Algorithm II

12. Local Search

WU Xiaokun 吴晓堃

xkun.wu [at] gmail

Coping with NP-completeness

Q. Suppose I need to solve an NP-hard problem. What should I do?
A. Sacrifice one of three desired features.

1. Solve arbitrary instances of the problem.
1. Solve problem to optimality.
1. Solve problem in polynomial time.

Gradient descent

Gradient descent: vertex cover

Vertex cover. Given a graph G = (V, E), find a subset of nodes S of minimal cardinality such that for each (u, v) \in E, either u or v (or both) are in S.

Neighbor relation. S \sim S' if S' can be obtained from S by adding or deleting a single node. Each vertex cover S has at most n neighbors.

Gradient descent. Start with S = V. If there is a neighbor S' that is a vertex cover and has lower cardinality, replace S with S'.

Remark. Algorithm terminates after at most n steps since each update decreases the size of the cover by one.

Gradient descent: vertex cover

Local optimum. No neighbor is strictly better.

Local search

Local search. Algorithm that explores the space of possible solutions in sequential fashion, moving from a current solution to a “nearby” one.

Neighbor relation. Let S \sim S' be a neighbor relation for the problem.

Gradient descent. Let S denote current solution. If there is a neighbor S' of S with strictly lower cost, replace S with the neighbor whose cost is as small as possible. Otherwise, terminate the algorithm.

Problem. Stuck into local optimal solution.

Metropolis algorithm

Metropolis algorithm.

Simulate behavior of a physical system according to principles of statistical mechanics.
Globally biased toward “downhill” steps, but occasionally makes “uphill” steps to break out of local minima.

Gibbs-Boltzmann function

Gibbs-Boltzmann function. The probability of finding a physical system in a state with energy E is proportional to e^{-E / (kT)}, where T > 0 is temperature and k is a constant.

For any temperature T > 0, function is monotone decreasing function of energy E.
System more likely to be in a lower energy state than higher one.
- T large: high and low energy states have roughly same probability
- T small: low energy states are much more probable

Metropolis algorithm

Metropolis algorithm.

Given a fixed temperature T, maintain current state S.
Randomly perturb current state S to new state S' \in N(S).
- If E(S') ≤ E(S), update current state to S'.
- Otherwise, update current state to S' with probability e^{- \Delta E / (kT)}, where \Delta E = E(S') - E(S) > 0.

Theorem.
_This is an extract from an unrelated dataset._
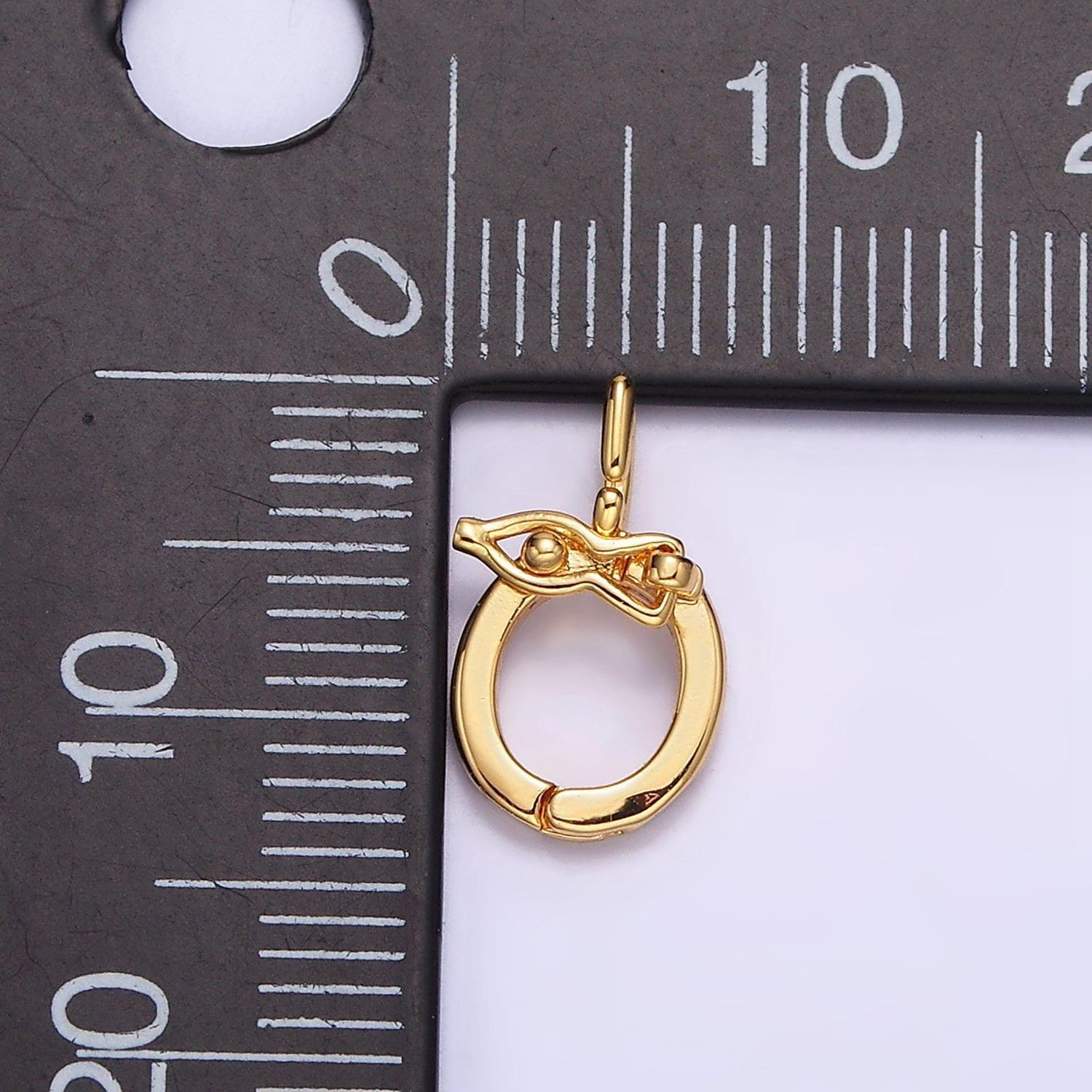 24k gold filled snap open loop interchangeable charm holder bail pendant | z444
Let f_S(t) be fraction of first t steps in which simulation is in state S. Then, assuming some technical conditions, with probability 1:

\lim_{t \to \infty} f_S(t) \frac{1}{Z} e^{-E(S)/(kT)},\ \text{where}\ Z = \sum_{S \in N(S)} e^{-E(S)/(kT)}

Intuition. Simulation spends roughly the right amount of time in each state, according to Gibbs-Boltzmann equation.

Simulated annealing

Simulated annealing.

T large \Rightarrow probability of accepting an uphill move is large.
T small \Rightarrow uphill moves are almost never accepted.
Idea: turn knob to control T.
Cooling schedule: T = T(i) at iteration i.

Physical analog.

Take solid and raise it to high temperature, we do not expect it to maintain a nice crystal structure.
Take a molten solid and freeze it very abruptly, we do not expect to get a perfect crystal either.
Annealing: cool material gradually from high temperature, allowing it to reach equilibrium at succession of intermediate lower temperatures.

Hopfield neural networks

Hopfield networks. Simple model of an associative memory, in which a large collection of units are connected by an underlying network, and neighboring units try to correlate their states.

Input: Graph G = (V, E) with integer (positive or negative) edge weights w.
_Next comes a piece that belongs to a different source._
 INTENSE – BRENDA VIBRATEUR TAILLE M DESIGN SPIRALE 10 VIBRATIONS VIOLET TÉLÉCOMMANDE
Configuration. Node assignment s_u = \pm 1.

Intuition: 1-bit of memory.

Intuition. If w_{uv} < 0, then u and v want to have the same state;
if w_{uv} > 0 then u and v want different states.

Note. In general, no configuration respects all constraints.

Hopfield neural networks

Def. With respect to a configuration S, edge e = (u, v) is good if w_e \times s_u \times s_v < 0. That is, if w_e < 0 then s_u = s_v; if w_e > 0, then s_u \ne s_v.

Def. With respect to a configuration S, a node u is satisfied if the weight of incident good edges \ge weight of incident bad edges.

ie. \sum_{v: e=(u,v) \in E} w_e s_u s_v \le 0

Def. A configuration is stable if all nodes are satisfied.

Goal. Find a stable configuration, if such a configuration exists.

Hopfield neural networks

Goal. Find a stable configuration, if such a configuration exists.

State-flipping algorithm. Repeated flip state of an unsatisfied node.

HOPFIELD-FLIP (G, w)

S = arbitrary configuration;
WHILE (current configuration is not stable):
1. u = unsatisfied node;
2. s_u = -s_u;
RETURN S;

State-flipping: example

State-flipping: correctness

Theorem. The state-flipping algorithm terminates with a stable configuration after at most W = \sum_e | w_e | iterations.
Pf attempt. Consider measure of progress \Phi(S) = \# satisfied nodes.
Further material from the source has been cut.